Archived to: /tmp/log_archive/app_2026-05-15.log.gz
Original:    292 KB
Compressed:  3 KB
Space saved: 99.0%

The shutil.copyfileobj(src, dst) call handles the streaming copy efficiently — it reads and writes in chunks automatically. The original log file is deleted only after the compressed archive is successfully written, preventing data loss if compression fails partway through. Extend this with a try/except block that restores the original if shutil.copyfileobj raises an exception.

292 KB in. 3 KB out. shutil.copyfileobj did the work.
292 KB in. 3 KB out. shutil.copyfileobj did the work.

Frequently Asked Questions

When should I use zlib vs gzip?

Use zlib when you are working with bytes in memory and do not need a file-compatible format — for example, compressing data before storing it in a database BLOB or sending it over a custom TCP protocol. Use gzip when you need a standard .gz file that other tools (gunzip, tar, Python’s gzip.open()) can read. The underlying compression algorithm is the same; the difference is the file format wrapper.

What about zip, bz2, and lzma?

Python includes modules for all common compression formats. zipfile handles .zip archives (multiple files). bz2 offers better compression ratios than gzip but is slower. lzma provides the best compression of all standard formats (.xz files) but is the slowest. For most log archival and data transfer use cases, gzip strikes the best balance of speed, compatibility, and compression ratio.

Do I always need to stream large files?

For files under ~100MB on a machine with adequate RAM, loading the whole file is fine. For files over 500MB, streaming is strongly recommended. The gzip.open() + shutil.copyfileobj() pattern handles streaming automatically without extra complexity. When in doubt, stream — the code is the same length and you avoid memory errors.

How do I compress an entire directory?

Use shutil.make_archive() to create a tar.gz of a directory: shutil.make_archive('/tmp/mybackup', 'gztar', '/path/to/dir'). This creates /tmp/mybackup.tar.gz. Alternatively, use the tarfile module for more control — open with tarfile.open('output.tar.gz', 'w:gz') and call add() for each file.

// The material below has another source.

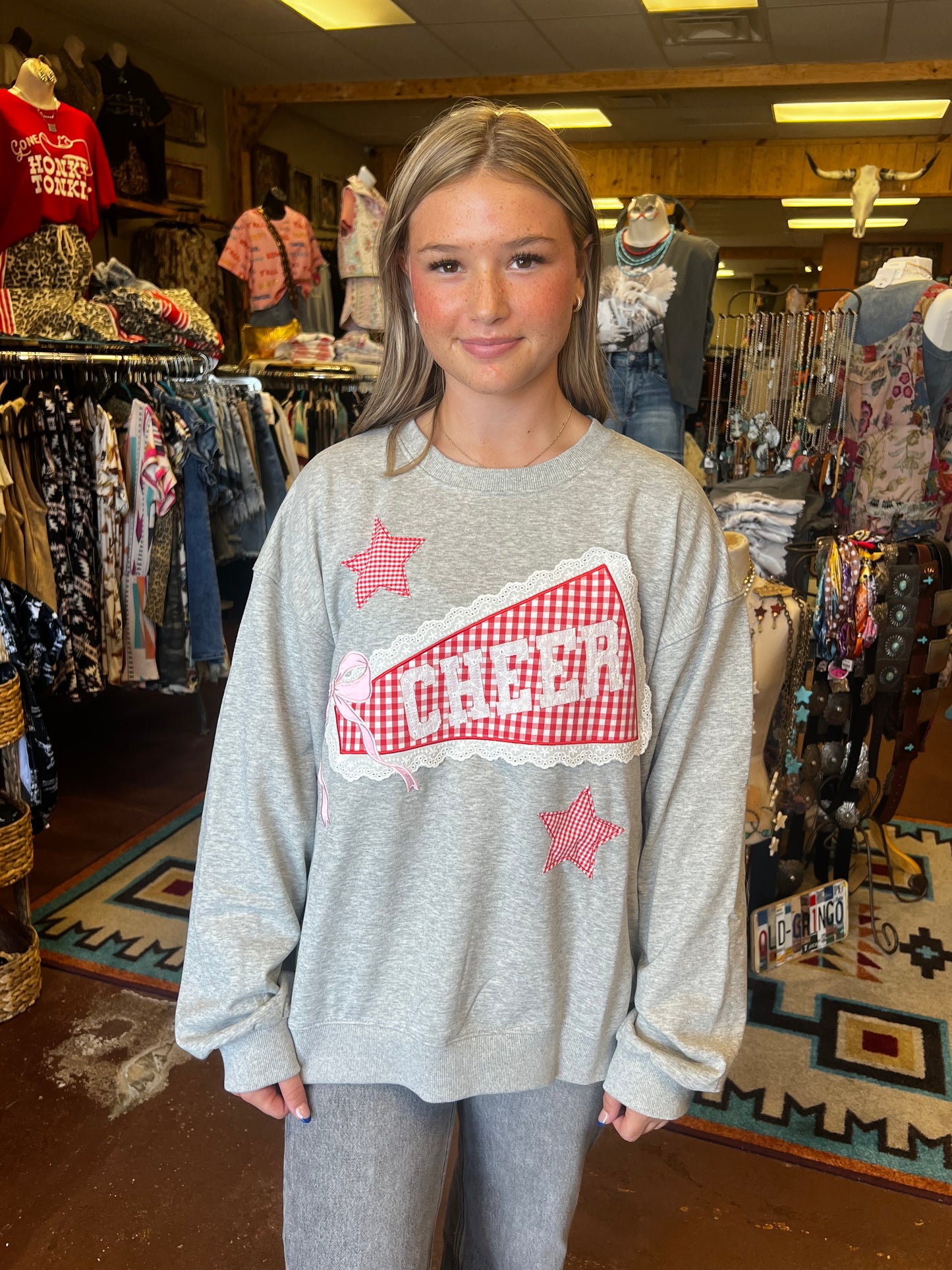 Cheer Patchwork Long Sleeve Crewneck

How do I verify a .gz file is not corrupted?

Use gzip.open(path, 'rb') and read the entire file in a try/except block. If the file is corrupted, gzip will raise a BadGzipFile or EOFError. For programmatic integrity checks, the gzip format includes a CRC-32 checksum that Python validates automatically during decompression — you do not need to compute it yourself.

Conclusion

Python’s zlib and gzip modules give you DEFLATE compression without any third-party dependencies. We covered compressing bytes in memory with zlib, reading and writing .gz files with gzip.open(), streaming large files using zlib.compressobj and shutil.copyfileobj, and choosing the right compression level for your use case. The log archiver example shows a complete, production-ready pattern for compressing log files on rotation.

Try extending the archiver to support a retention policy that deletes archives older than 30 days, or add multi-file support using the tarfile module to bundle multiple logs into a single .tar.gz archive.

For the full API reference, see the Python gzip documentation and Python zlib documentation.